According to the principles of the Bologna Process, one credit of the European Credit Transfer and Accumulation System (ECTS) corresponds to 25 hours of student effort. The wide majority of Spanish universities have established that this corresponds to 10 contact hours, while some understand this should correspond to 10 hours of professor effort.

In this paper we are trying to answer the following question: how can we use the available professor's time on those activities that provide more value to the students? Grading is necessary to provide feedback to the student, but as the class size increases, the further we are from a one-to-one tutoring strategy. Regarding professor time as a valuable resource, we can grade students in an efficient way by using multiple choice exercises, or online forms, although these methodologies have other drawbacks, such as possible ambiguity in the student’s interpretation of the question. Moreover, higher-order reasoning or even problem-solving and skills are difficult to assess using multiple choice, although some faculty still attempt to evaluate these skills through multiple-choice tests. However, how can we grade students regarding their oral competence? Or how do we grade students on critical thinking? As a step towards addressing these questions, this paper presents an experience in which a peer-grading approach is compared to professor-grading.

A central idea of this approach is that grading their peers becomes another learning activity for the students, and they actually learn from the experience. We will show that a very clear rubric, which eliminates ambiguity, is a must to obtain reliable scoring of oral presentations, especially if they are analytic and complemented with exemplars.

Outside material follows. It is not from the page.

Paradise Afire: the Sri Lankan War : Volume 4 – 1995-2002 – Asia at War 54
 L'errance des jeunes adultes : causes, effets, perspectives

Moreover, it turns out that peer grading is not only a remarkable strategy for providing reproducible grades, but also rubrics make criteria explicit, which also facilitates feedback and student self-assessment.

Our experience has only been tried in a small class in the fifth year of Computer Engineering, but this already shows a trend that we plan to scale for larger groups. Finally, we show that if students are provided with a comprehensive rubric, there is a strong correlation between student assigned grades and instructor assigned grades.